Merkura, planeta komunikacji, weszła wczoraj do Wodnika poniedziałek, 5 stycznia gdzie pozostanie do 13 Marzec .
Merkury dołącza do Wenus i Marsa, miłośników niebios, w jednym z moich ulubionych znaków zodiaku, indywidualistycznym, ekscentrycznym Wodniku.
Wodnik jest znakiem grupy, a Wodniki najlepiej pracują, tworzą i myślą razem z innymi, aby wymyślać genialne pomysły i wprowadzać zmiany. Co dziwne, Wodnik często czuje, że jest outsiderem w stadzie.
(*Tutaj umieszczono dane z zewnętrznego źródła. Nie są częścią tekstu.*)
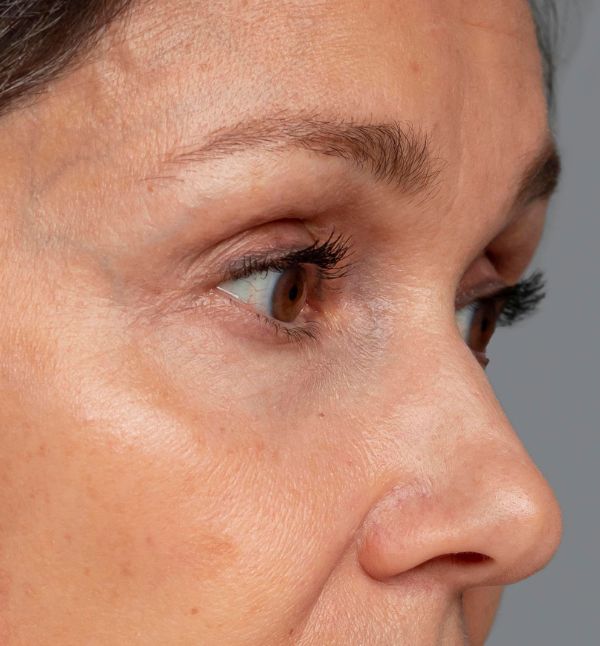 Before-facetwo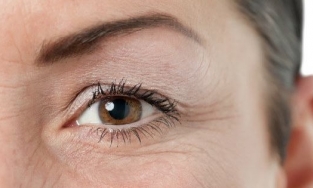 Bật mí cách giảm thiểu vết chân chim hiệu quả tại nhà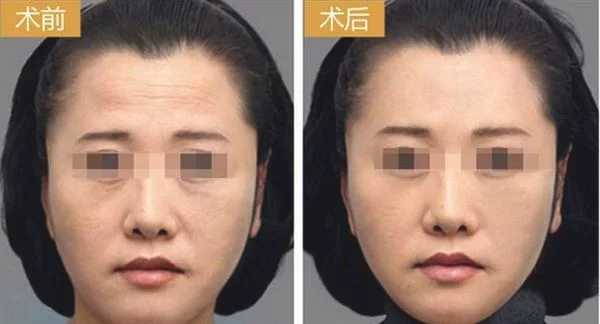 做爱贝芙去除抬头纹治疗效果怎么样？效果保持时间多久？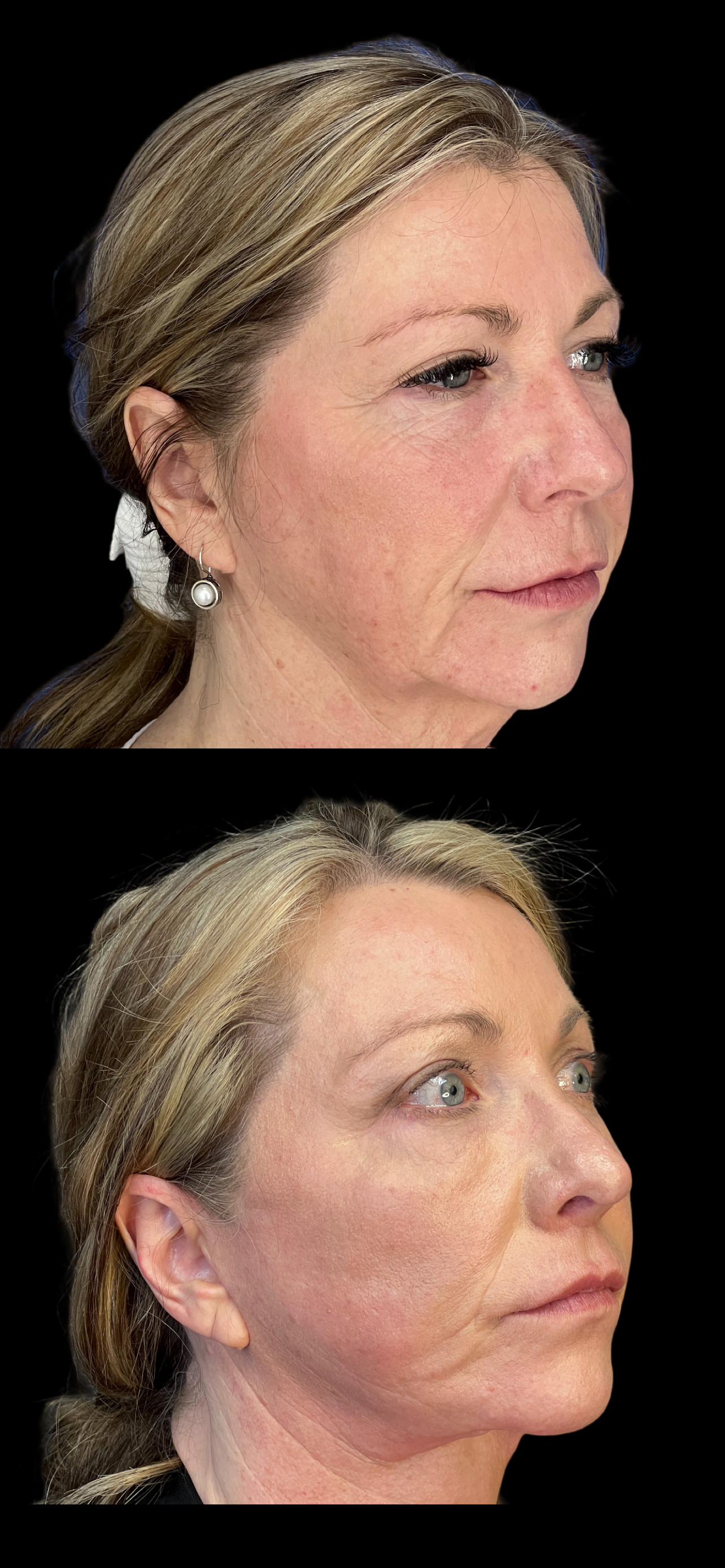 Facelift result at PEAK PLASTIC SURGERY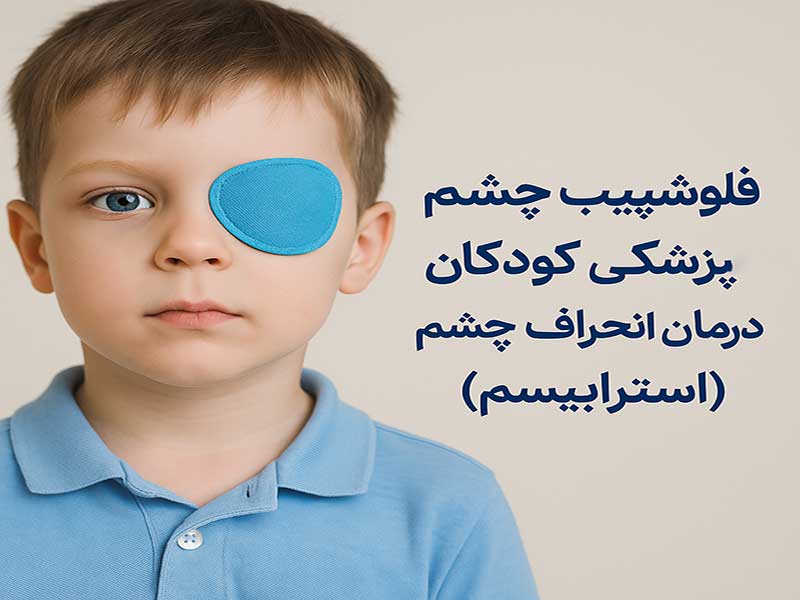 -چشم-کودکان.jpg
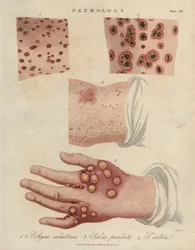 Huidzweer, etterige schurft en schurft veroorzaakt door een scabiei sarcoptische mijt - Lithografie door John Pass, gepubliceerd in Encyclopedia Londinensis door John Wilkes, J.Adlard editie, Londen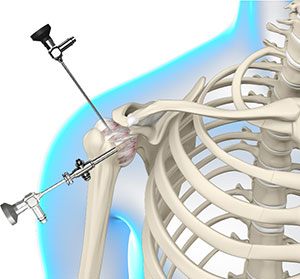 Arthroscopic Frozen Shoulder Release 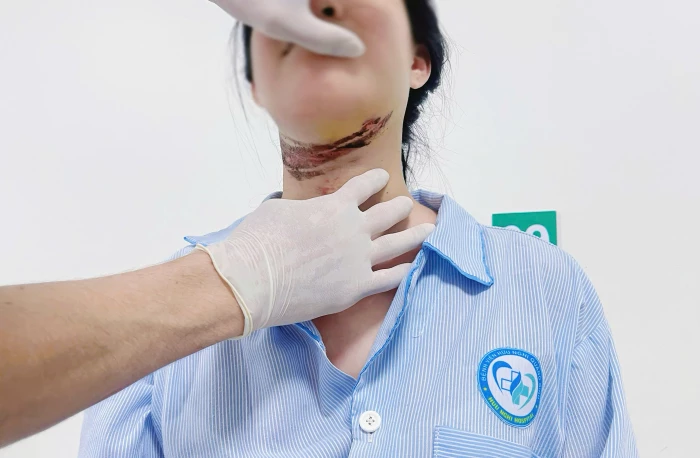 Nữ sinh nhập viện vì vướng dây điện trên đường đi học về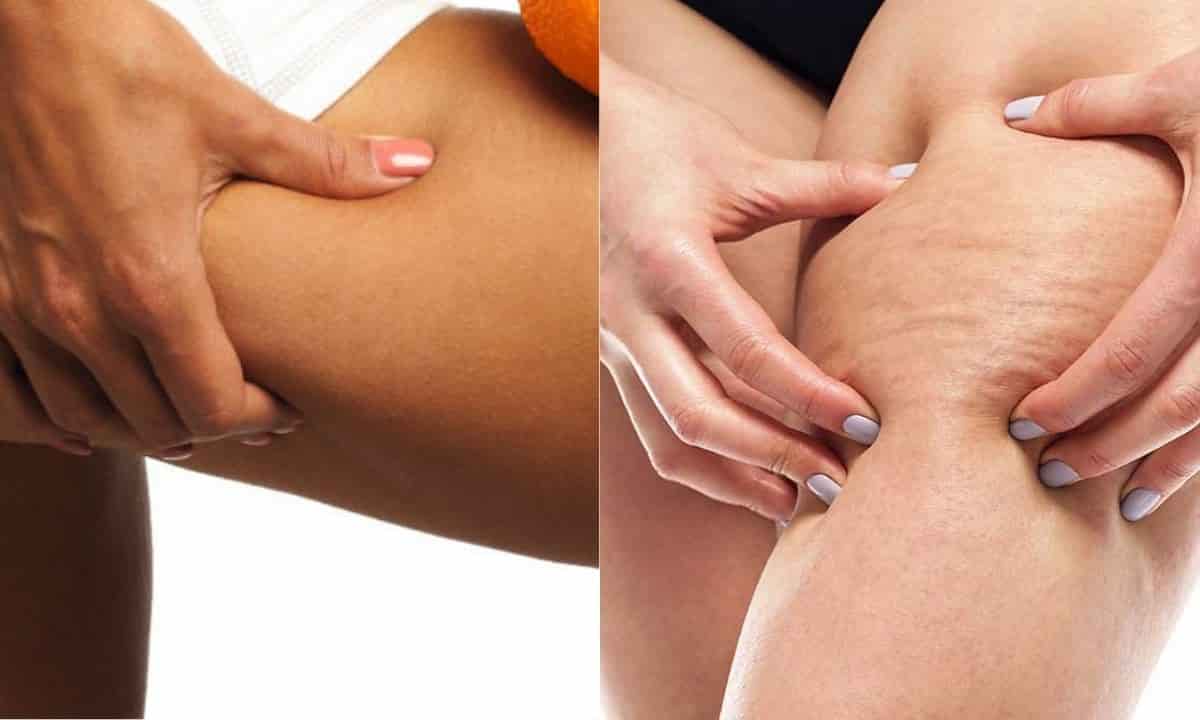 alcol erbe cellulite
Mimo że przyciągają ich grupy i działania humanitarne, społeczne, polityczne i/lub dziwaczne, wyróżniają się. To gwóźdź, którego nie można wbić prosto młotkiem, kwadratowy kołek w okrągłym otworze.
Wbrew konwencji, odważnie wyglądać i być inny, potajemnie zachwycają się byciem prawdziwą indywidualnością. Wodniki stają się sobą, kiedy są wierne temu, kim są i zdają sobie sprawę, że nie ma znaczenia, co myślą inni ludzie.
Towarzyskie trio Merkurego, Wenus i Marsa w dziwacznym znaku zodiaku oznacza, że nadszedł czas, aby znaleźć swoje plemię, zbliżyć się do ludzi o podobnych umysłach, zainspirować się innymi, wspólnie szukać nowych doświadczeń, dzielić się śmiechem i zabawa.
Nic dziwnego, że wczoraj i dziś surfowałem po sieci (Wodnik to znak technologii), łącząc się z grupami internetowymi. Sprawdzałem osoby, które budują własne, unikalne firmy, które prezentują swoją charakterystyczną osobowość, osoby, które żyją swoją prawdą. Wydawało się, że to właściwy czas, aby dotrzeć i połączyć się przez fale radiowe.
Mars opuszcza Wodnik 12 stycznia ale Słońce dołącza do imprezy Wodnika 20 stycznia więc przez cały miesiąc jest mnóstwo okazji, by połączyć siły z innymi i znaleźć swoje plemię.
Dodatkowo z Merkurym w Wodniku na dwumiesięczny pobyt, pozwól swojemu umysłowi wirować z podekscytowania i podążaj za swoimi szalonymi, szalonymi i genialnymi pomysłami.